═════ Source information ═════
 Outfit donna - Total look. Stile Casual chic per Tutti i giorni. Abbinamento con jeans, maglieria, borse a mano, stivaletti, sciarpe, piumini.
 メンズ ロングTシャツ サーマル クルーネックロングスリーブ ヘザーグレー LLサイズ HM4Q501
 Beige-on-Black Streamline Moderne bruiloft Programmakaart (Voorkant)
═════
═════ Source information ═════
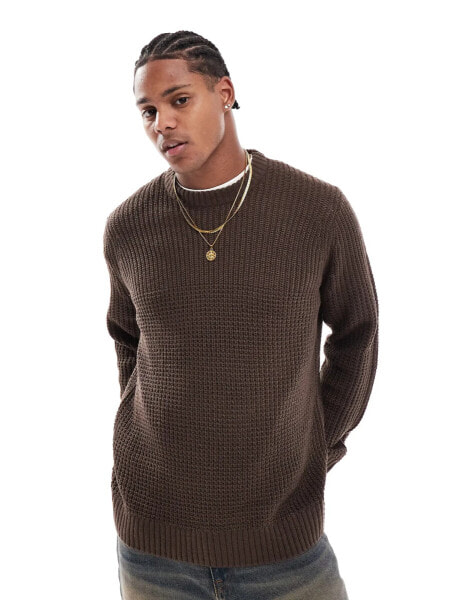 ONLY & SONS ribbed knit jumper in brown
═════
Your task: What you give back must be the stretch above, starting at the line with "Outfit donna - Total" and ending at the line with "Beige-on-Black Streamline Moderne", copied exactly.

Task output:
 Outfit donna - Total look. Stile Casual chic per Tutti i giorni. Abbinamento con jeans, maglieria, borse a mano, stivaletti, sciarpe, piumini.
 メンズ ロングTシャツ サーマル クルーネックロングスリーブ ヘザーグレー LLサイズ HM4Q501
 Beige-on-Black Streamline Moderne bruiloft Programmakaart (Voorkant)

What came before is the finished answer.